** SUPPLIED DATA follows **
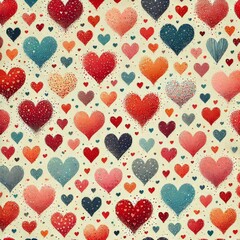Fototapeta premium The image is a repeating pattern of hearts on a light beige background.&nbsp; 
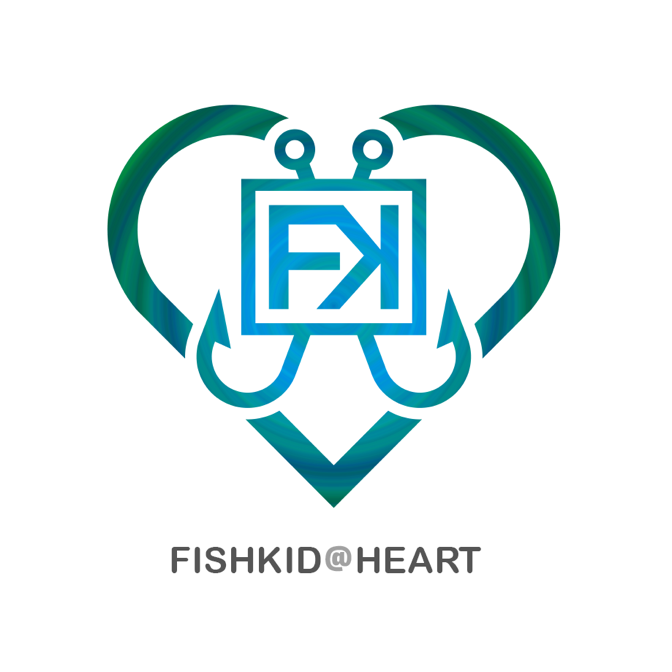 Logo: Blue and green heart with fishing hooks, 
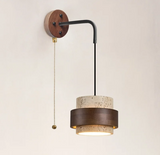 LumiTravert Wandleuchte – LED Naturstein & Holz Design mit Zugschalter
** End of SUPPLIED DATA **
> **TASK TO COMPLETE**
Could you print the listing above exactly, without the pictures?

> **TASK OUTPUT**
Fototapeta premium The image is a repeating pattern of hearts on a light beige background.&nbsp; 
 Logo: Blue and green heart with fishing hooks, 
 LumiTravert Wandleuchte – LED Naturstein & Holz Design mit Zugschalter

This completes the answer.